Другая мемуаристка, Ирина Одоевцева, более подробно и драматично описала Ваш разрыв с мужем.
«Петров очень любил Галину и был примерным мужем, всячески стараясь ей угодить и доставить удовольствие. Но она совершенно перестала считаться с ним, каждый вечер возвращалась все позже и позже. Однажды она вернулась в три часа ночи, и тут между ними произошло решительное объяснение. Петров потребовал, чтобы Галина выбрала его или Бунина. Галина, не задумываясь, крикнула:
– Конечно, Иван Алексеевич!
На следующее утро Петров, пока Галина еще спала, сложил свои чемоданы и уехал из отеля, где они жили… Он носился с идеей об убийстве Бунина… но пришел в себя и на время оставил Париж».

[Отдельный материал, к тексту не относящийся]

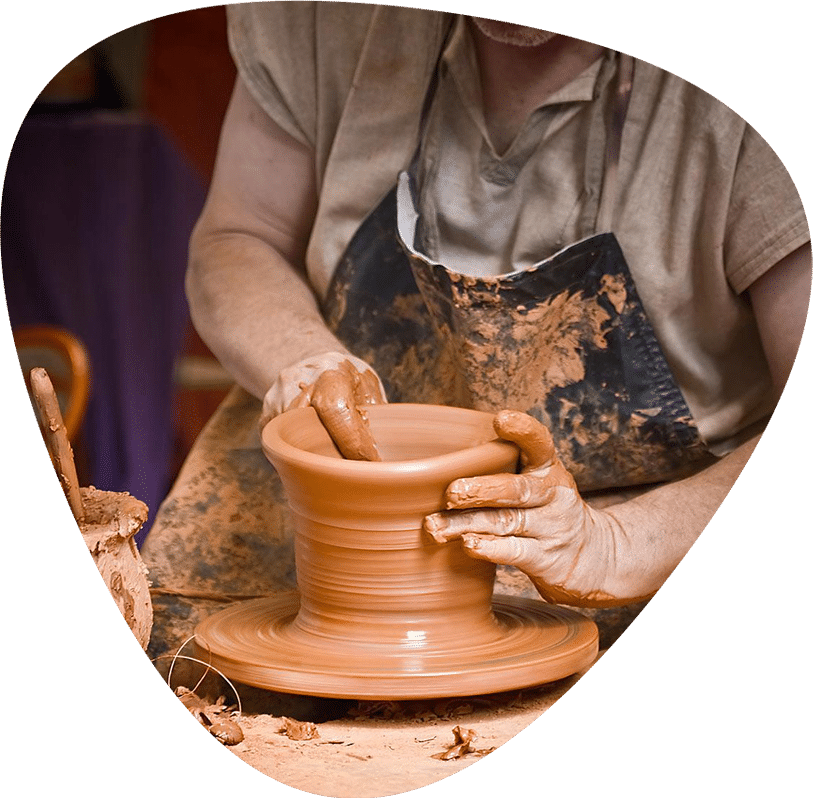 The-Design-Company-is-a-Potter-Who-Drinks-Water-from-a-Broken-Jar استدلالات تعاملات داده ورزان و شرح دلایل موجه شرکت داده ورزان بر سیاست عدم برگزاری جلسه حضوری در پروژه طراحی سایت با مشتری - شرکت طراح، کوزهگری باشد که از کوزه شکسته آب می خورد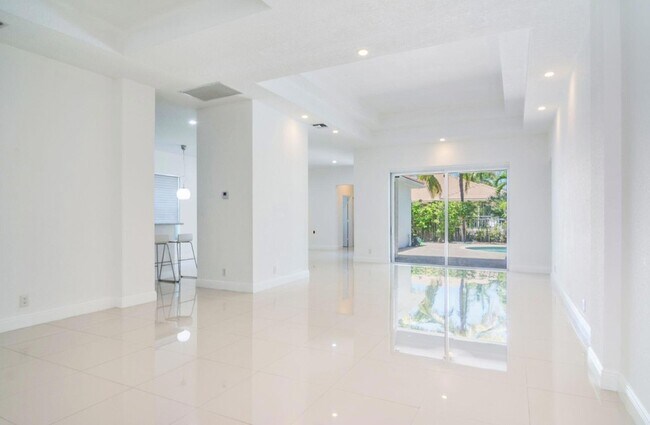 Building Photo - 2002 Schooner Ln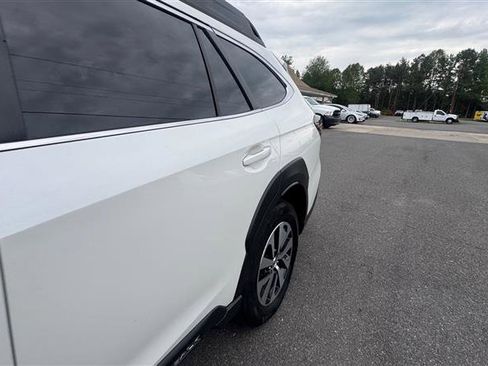 Used 2023 Subaru Outback Premium AWD/4WD image 15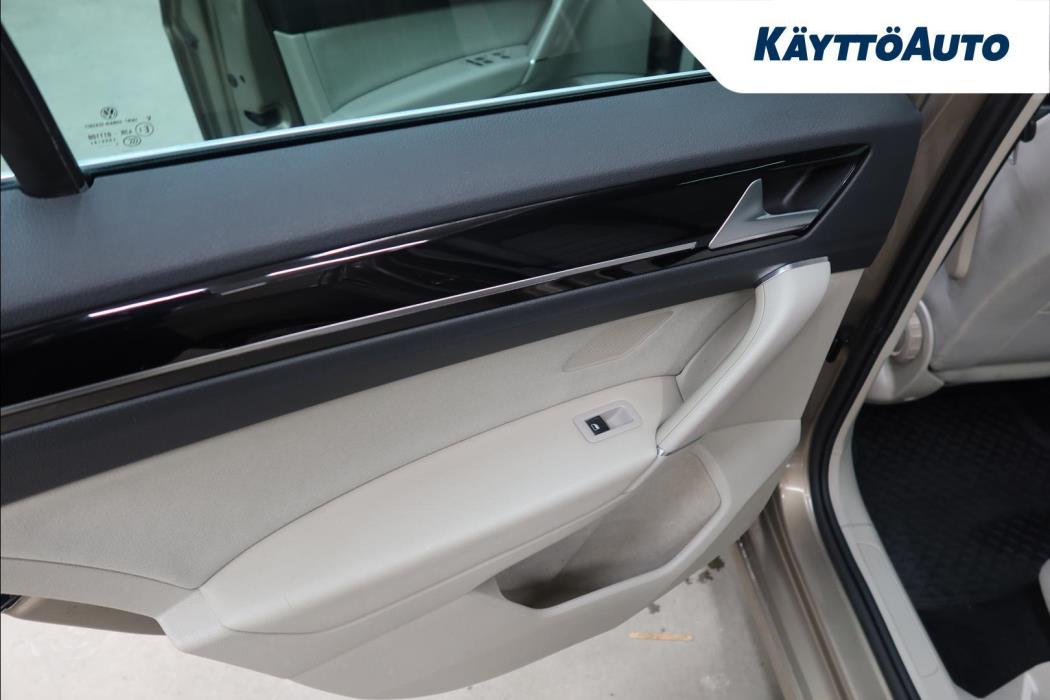 VOLKSWAGEN Golf Sportsvan 2014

Судя по всему, Вы уже тогда были зачарованы не только обаянием Бунина-человека, но и его творчеством. Я же, должна сознаться, в молодости не сумела оценить Бунина-писателя. Он казался мне добросовестным учеником Толстого и Чехова – не больше. Раздражало его откровенное, барское пренебрежение сюжетом. Казалось, дай ему волю, он бы махнул на читателя рукой и предался бы своему любимому занятию: стал бы филигранно выписывать каплю росы на лепестке цветка, лиловый край облака, ночные звезды, насаженные на вершины кипарисов, цветок граната – «тугой бокальчик из красно-розового воска, откуда кудрявится красная бумажка». «Ах, вам еще нужна интрига, занятная история? Ну уж нате – развлекайтесь». Ему бы родиться в Японии и писать пятистрочные танка про кувшинки и лотосы.